_Given information_
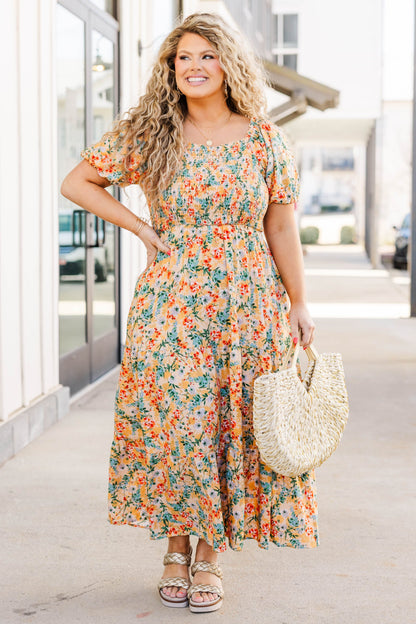Vestido Flores Del Jardín, Durazno
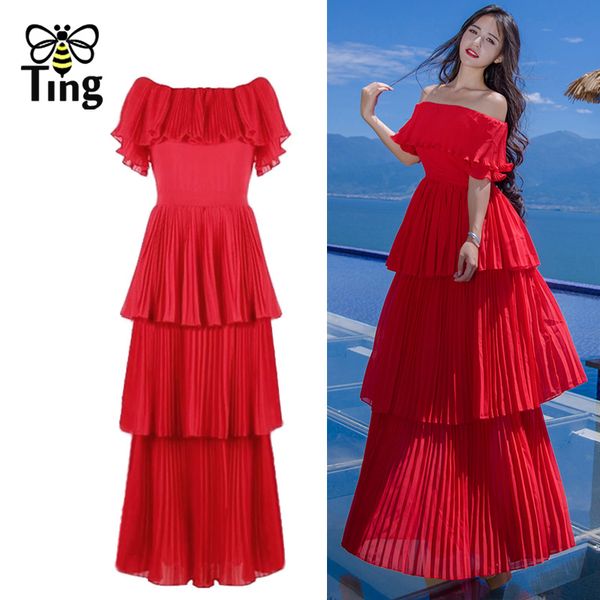 designer luxury ruffles pleated layered maxi long party dinner dresses summer slash collar cottagecore dress elbise 210513, Black;gray
designer luxury ruffles pleated layered maxi long party dinner dresses summer slash collar cottagecore dress elbise 210513, Black;gray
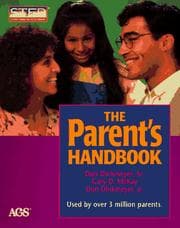 Tapa de The parent's handbook : systematic training for effective parenting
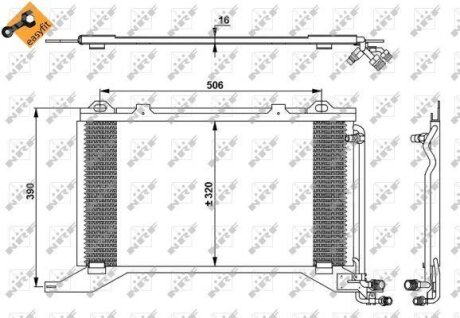 Радіатор кондиціонера NRF 35245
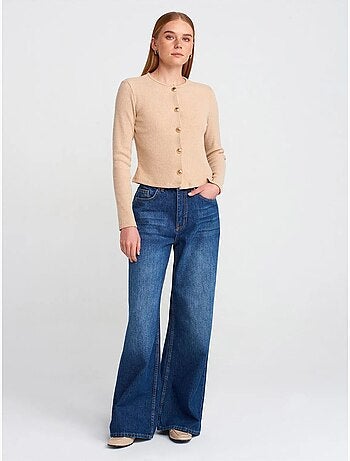 DILVIN Jean Large À Taille Haute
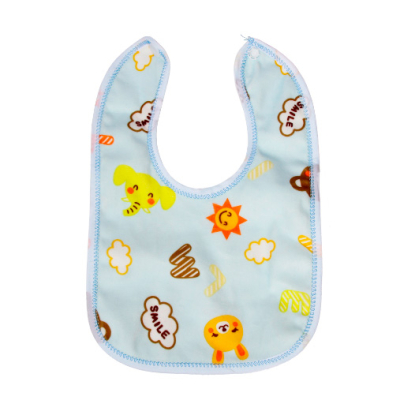 Товары по уходу - Слюнявчик Lindo на кнопке голубой (4890210009346)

_Task statement_
From the line that contains "Радіатор кондиціонера NRF 35245" to the end of the material above, output every line exactly, both ends included, but leave out any pictures.

_Response to this exercise_
 Радіатор кондиціонера NRF 35245
 DILVIN Jean Large À Taille Haute
 Товары по уходу - Слюнявчик Lindo на кнопке голубой (4890210009346)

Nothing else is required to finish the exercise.